Entry Date:
December 21, 2016

Fast Graph Algorithms and Continuous Optimization

Principal Investigator Aleksander Madry

Project Start Date January 2016

Project End Date
 December 2020


Graphs are at the heart of computer science and many other fields. They model various complex systems, such as the structure of web links, social networks, road systems, protein interactions, and the brain. Also, many elements of our everyday life, such as web search, driving directions, online advertising and parcel delivery, crucially rely upon graph algorithms. Despite this central role and extensive research on graphs, however, some of the most prominent questions in algorithmic graph theory remain unresolved. Additionally, in the era of big data, the graphs that we have to deal with are often massive - they have hundreds of billions of edges - which renders many classic graph algorithms completely infeasible.

The goal of this project is to address these challenges by augmenting our traditional graph-algorithmic techniques with methods borrowed from continuous optimization. In particular, the PI aims to forge a unified toolkit that is powerful enough to make progress on a variety of fundamental graph problems. An integral part of this effort will be to broadly disseminate the acquired insights. Dissemination will encompass undergraduate and graduate curriculum development, production of freely available lecture notes/survey, as well as training students, of all levels, to equip them with the skill set that is essential for tackling modern graph-algorithmic challenges.
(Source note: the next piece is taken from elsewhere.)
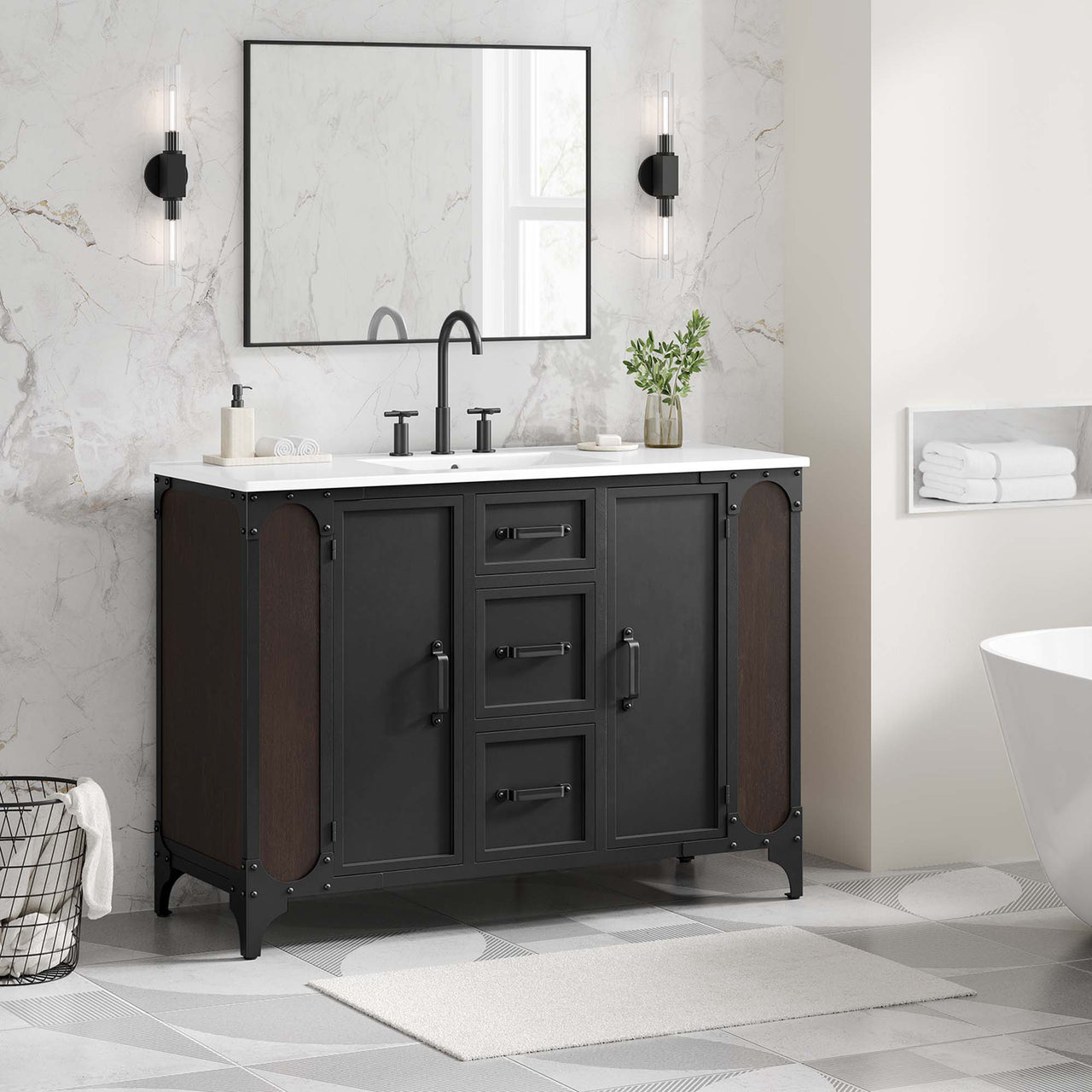 Tartaria Single Sink Vanity Unit, Extra Large, White & Black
From a more technical point of view, the main focus of this project will be to combine the classic combinatorial approaches of algorithmic graph theory with core continuous-optimization primitives, such as gradient descent methods and interior-point methods, to break longstanding running time barriers for a variety of fundamental flow and matching questions. Additionally, the PI expects that this work will shed new light on one of the central challenges of mathematical programming: the convergence behavior of interior-point methods, and will also lead to novel extensions of that optimization framework.